Franken-necklace

Greetings! I had forgotten that I had this old piece. This is something that I bought way early on in my collecting before I had any idea about NA jewelry. It has always been something of a mystery, and I bought it online without the benefit of being able to see it first. I contacted the seller when I received it and he refunded most of my money but ended up letting me keep it anyway, because it was certainly not as advertised, but the guy was honest and just did not know what he was selling.

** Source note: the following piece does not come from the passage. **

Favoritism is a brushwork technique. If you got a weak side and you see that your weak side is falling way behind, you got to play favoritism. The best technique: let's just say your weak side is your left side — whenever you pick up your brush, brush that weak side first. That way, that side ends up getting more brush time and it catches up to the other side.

Anyone want to hazard a guess on what this may be? The necklace actually seems to be reasonably well constructed and does hang well on the neck, but other than that, it’s either been through hell and someone tried to clean it with something caustic, or it is a material that just has not aged well. The “turquoise” does appear to be dyed but real rocks of some sort, haha. It is not marked Sterling and The answer is that it isn’t, but could pouring bleach or something strong on silver or silver plate turn it like this? It just looks like it’s been beat to heck.

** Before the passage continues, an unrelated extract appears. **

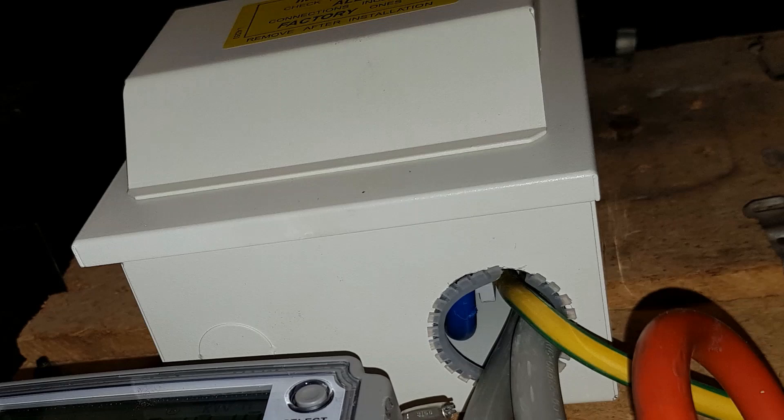Here we have the next example. The problem here is the size of the knockout at the bottom of the screen - in fact I don't think it's a knockout, I think it's been drilled. The problem there is the IP rating of the consumer unit. You can see that you could easily get your finger in there and reach the busbar because it's at the bottom of the consumer unit.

Obviously, this is not a valuable necklace and probably is not native made, but it just seems to be such a mishmash of different components, that I’m interested to see what everyone thinks about it.

1 Like

I’d guess Mexican made?

2 Likes

I’m assuming you’ve tried to polish it, and that’s not just tarnish. It looks greenish. I have some copper pieces that can turn greenish if I don’t polish them. Could there be copper in the silver?

1 Like

@TaraFawn75 it is a good guess and yes, I thought likely that since style components are similar.

1 Like

Yes silver usually has a small percentage of copper-maybe 7%. The beads have a vertical seam which is often indicative of plated.

1 Like

@Ziacat no…I’ve never touched it with any polish, cleaner, or cloth. It came to me like this. That green on the beads is permanent and the discoloration and wear is how it always looked. Some beads are rough and whoever cleaned it last stripped it to this condition. It is too stripped to even tarnish.

1 Like

@Islandmomma correct…those beads are not at all like bench beads; they look like machine made costume beads.

1 Like

The “turquoise” looks like dyed howlite

5 Likes

Looks like nickel (German Silver - no silver content) with dyed Howlite.

4 Likes

@markyboy57 And they were heavy with the dye, too. It is so bright in color that it’s in technicolor! Not a color found in nature.

@mmrogers even the leaves, which are “finer” material than the rest of it, don’t seem to have any silver in them.

1 Like

A reputable jeweler/coin shop/cash-for-gold shop that has an XRF machine can test it for the final word on metal content. Check on the cost of this service before you ask them to do it and also ask that they not file anything.